## ASSIGNMENT:
Every line from the top of the records through the one bearing "Welcome to a" is to be reproduced exactly, and pictures are to be left out.

## RAW DATA:

━━━

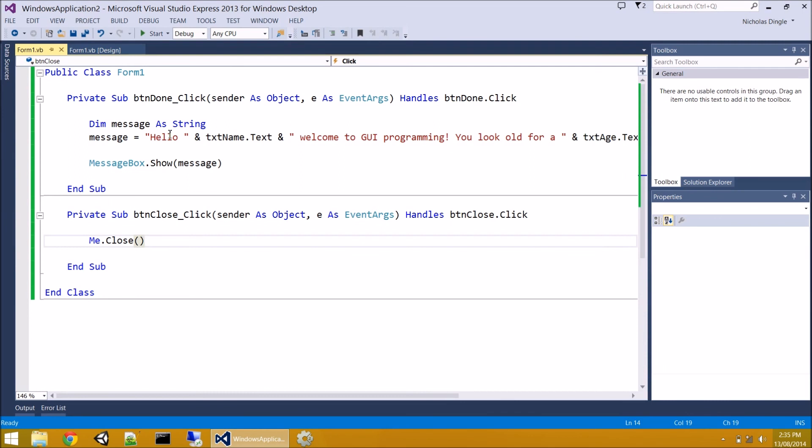I hope that was a quick little introduction to GUI programming for you and event-driven programming. We're going to do a little bit more stuff in the next video. Just introduce a few more concepts about event-driven and use a few more controls. So, see you in the next video, everybody. Thanks for watching.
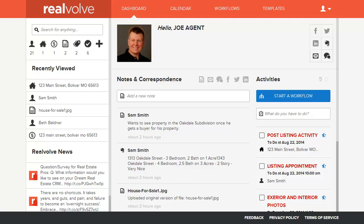Welcome to a Realvolve overview. This is Mark Stepp. I want to take you through a quick overview of what Realvolve is, some of the features and functionality, and some exciting things that Realvolve has to offer.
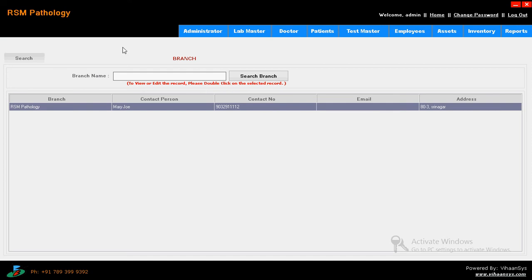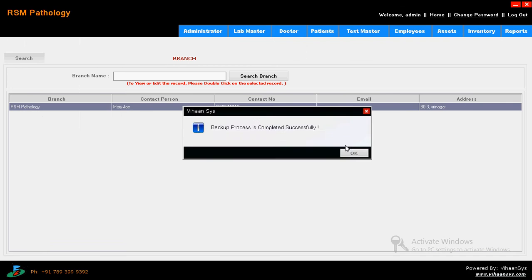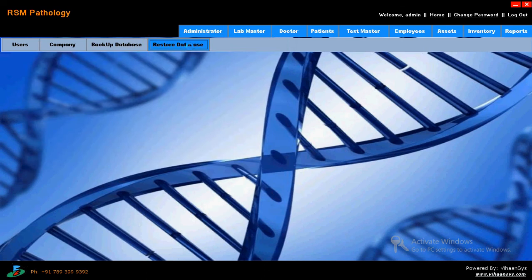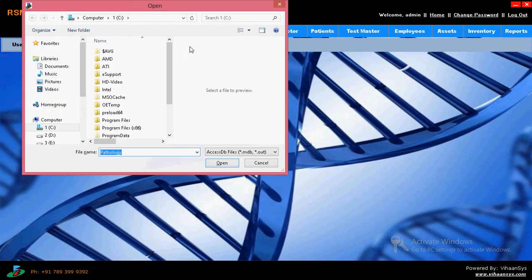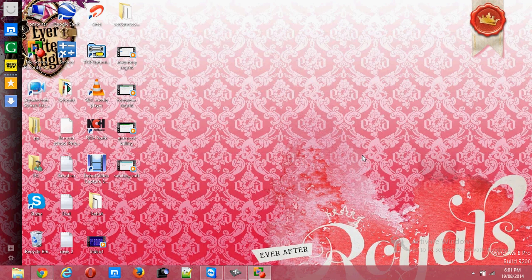Then coming to backup database. Here you can maintain the backup. Every day you can maintain day-to-day backup, monthly backup, weekly backup. You can maintain all of them - it helps to get back the data. Then restore database - you can restore the database. When your system has a problem or you are going to format your system, at that time you have to restore the data which you entered in the software. It is very much helpful. So, successfully restored - all the data will be restored here.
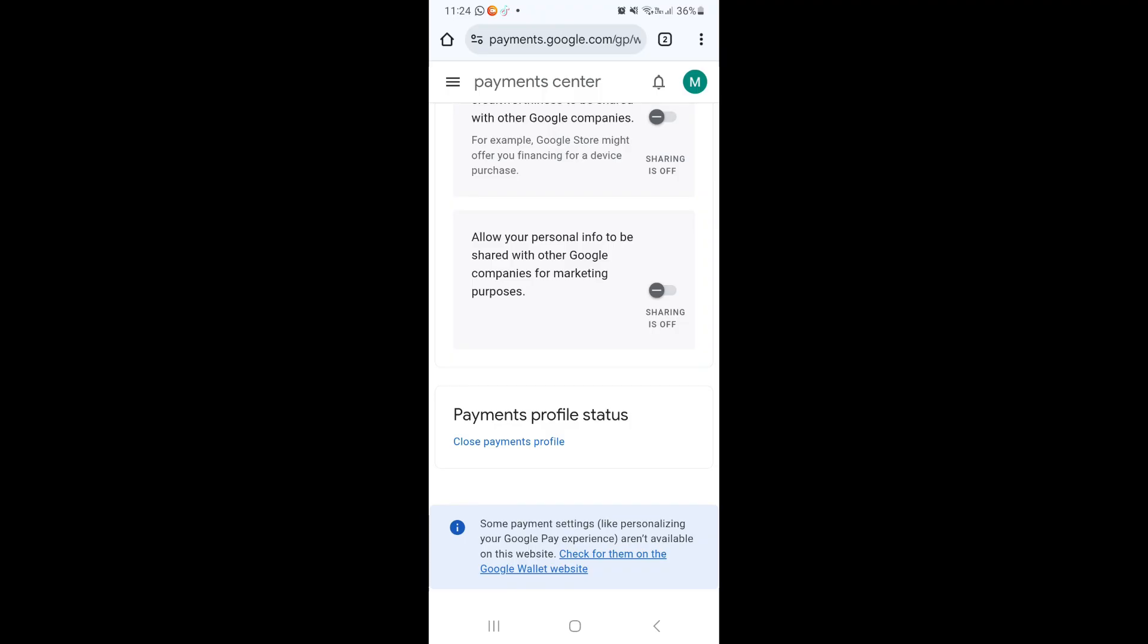Once you tap on this it will require your password, so make sure that you know that, enter it in and confirm to close that payment profile.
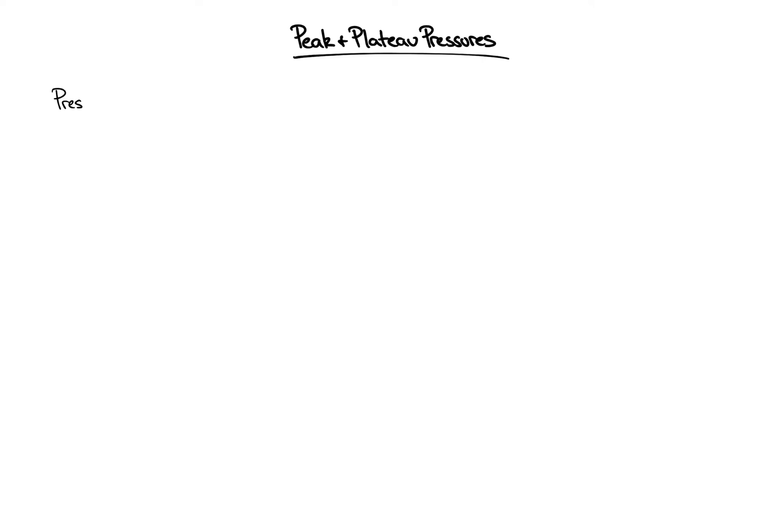Welcome back. Let's talk about ventilator peak and plateau pressures. First, a case. You were called to the bedside because the ventilator high pressure alarm is going off and the patient is now more hypoxemic.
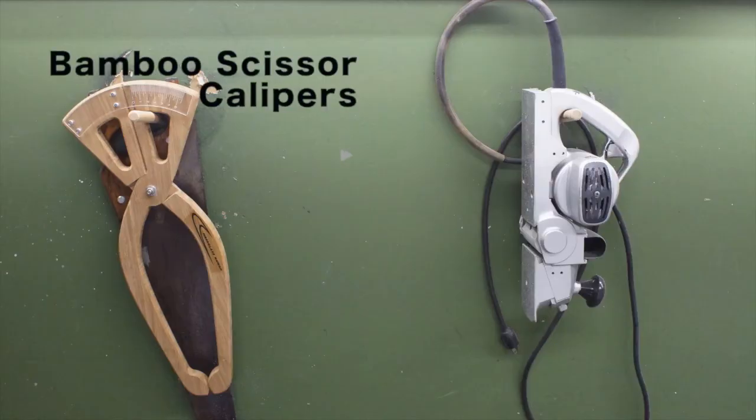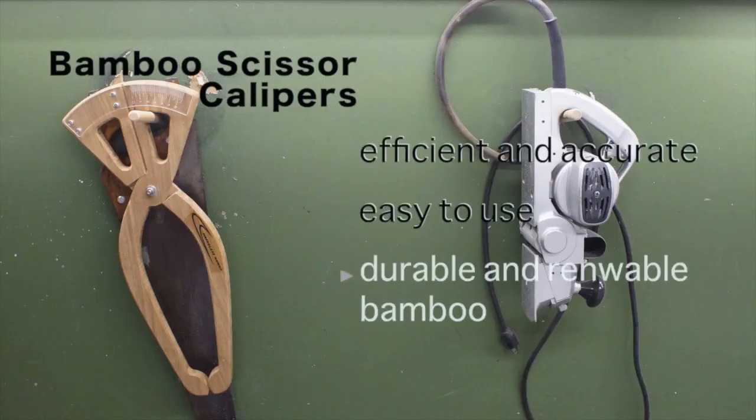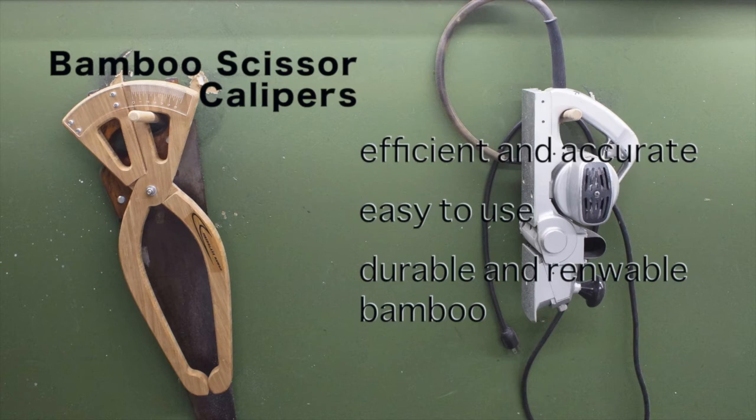The bamboo scissor calipers are efficient and accurate, easy to use, and made out of durable and renewable bamboo.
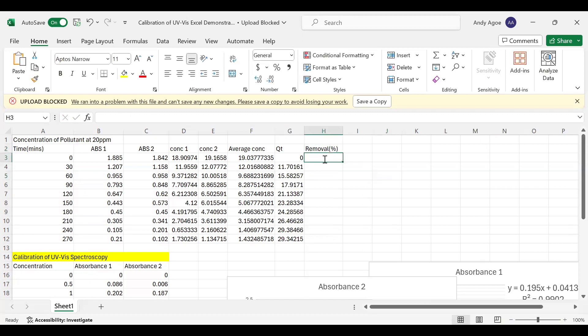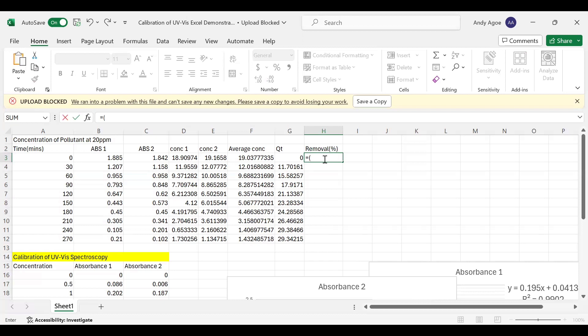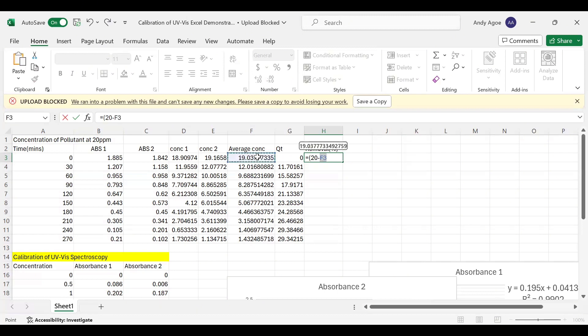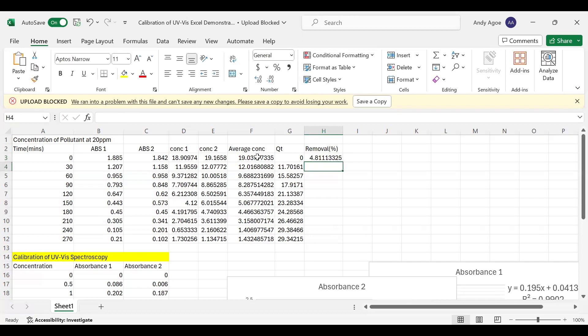Now you bring your function, the equal sign, press open bracket. The initial concentration will not be the average concentration but the exact initial concentration we prepared, which is 20 ppm. Then minus the concentration at a certain time. At T zero we have 19.03. Bring your open bracket, divide by the actual initial concentration which is 20, then multiply by 100%. Then press Enter.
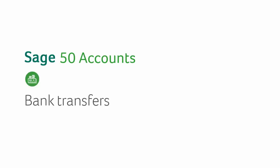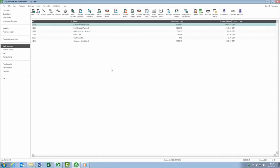The Bank Transfer option has been updated in the latest version of Sage Accounts to make it even quicker to enter your transactions. Let's have a look at this in the software. In Bank Accounts, make sure you've got the right bank account selected that you want to transfer money from, and then from the toolbar click Bank Transfer.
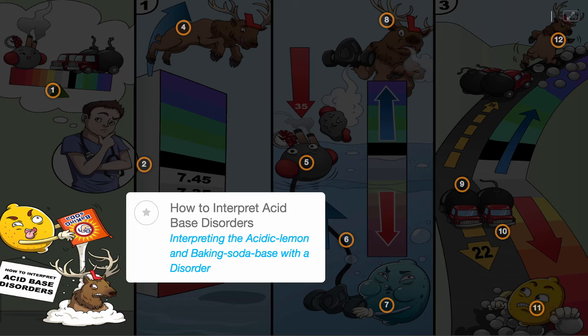How to interpret acid-base disorders can generally be classified using a three-step process. Further interpretation may be necessary if compensatory mechanisms require evaluation.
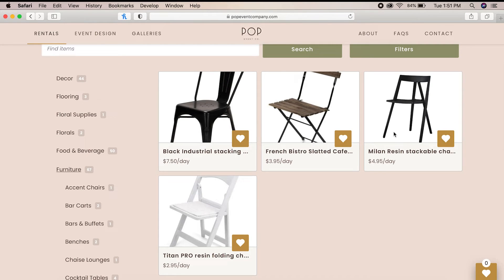Once you have decided which option best suits your event and budget, simply click the heart icon on the bottom right corner of the item and it automatically adds it to your wish list. As you can see, the little number in the bottom right corner of the screen changed from zero to one to let us know that we have one item on our wish list.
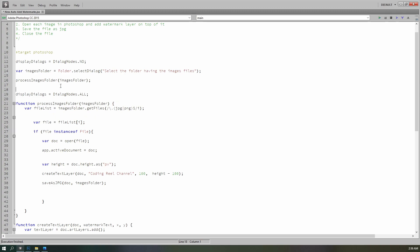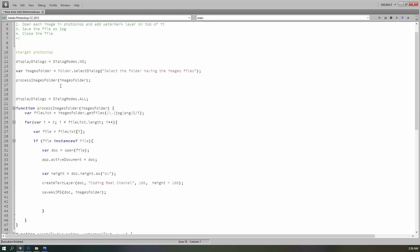After the script is processed, we have to alert the user that the script is processed successfully.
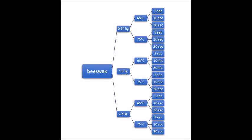In order to evaluate the parameters for hot embossing, different weights, stamping times, and temperatures of the template are tested. In terms of weight, 0.84 kg, 1.8 kg, and 2.8 kg were examined. Based on each weight, the temperature was varied. Therefore, stamp temperatures corresponding to the melting point of beeswax and above were chosen. In addition, the impact of stamping time was determined. For this purpose, 3, 10, and 30 seconds were selected.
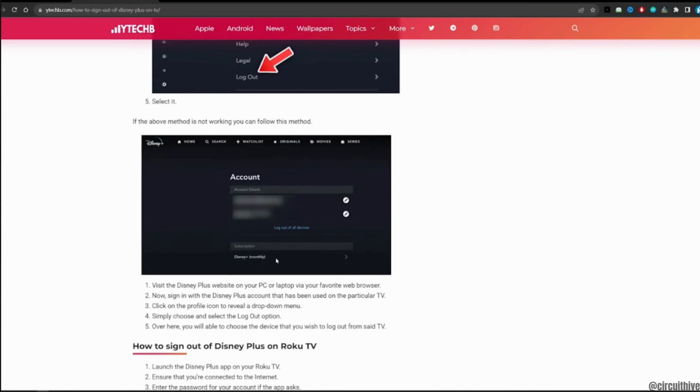Now sign in with the Disney Plus account that has been used on your Smart TV and then click on the profile icon to reveal the drop down menu. Simply select the logout option.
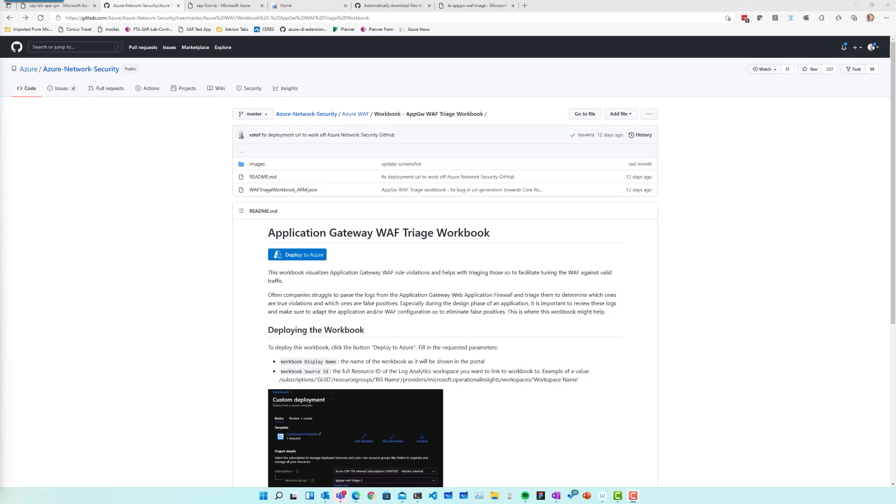Hi, welcome. My name is Christoph and with this video I wanted to introduce you to a new workbook you can use with the Web Application Firewall for Application Gateway.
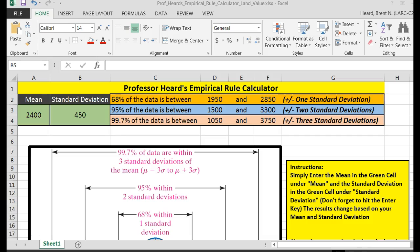If you've got this little calculator, which I will post in my discussion as a response to this video, it'll make it a lot easier. Question 10 says: using the empirical rule, 95% of female heights are between what two values?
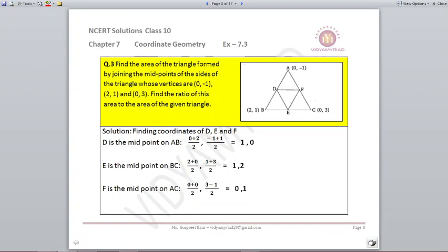Question number 3: find the area of the triangle formed by joining the midpoints of the sides of the triangle whose vertices are A(0,-1), B(2,1), and C(0,3). Find the ratio of this area to the area of the given triangle. D, E, F are the midpoints. Using the midpoint formula (x1+x2)/2, (y1+y2)/2: D (midpoint of AB) = (1,0), E (midpoint of BC) = (1,2), F (midpoint of AC) = (0,1).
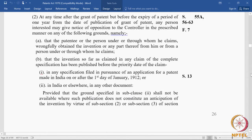Opposition after the grant of the patent. We had just seen how opposition operates before the grant of a patent — what we commonly call pre-grant opposition — and the grounds of pre-grant opposition are the same when it comes to post-grant opposition. The only difference is that in pre-grant opposition, these grounds were applied to a patent still in application form, where the patentee did not yet have the rights conferred by the patent.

━━━

## RESPONSE TO THE EXERCISE:
I hope that was a quick little introduction to GUI programming for you and event-driven programming. We're going to do a little bit more stuff in the next video. Just introduce a few more concepts about event-driven and use a few more controls. So, see you in the next video, everybody. Thanks for watching.
Welcome to a Realvolve overview. This is Mark Stepp. I want to take you through a quick overview of what Realvolve is, some of the features and functionality, and some exciting things that Realvolve has to offer.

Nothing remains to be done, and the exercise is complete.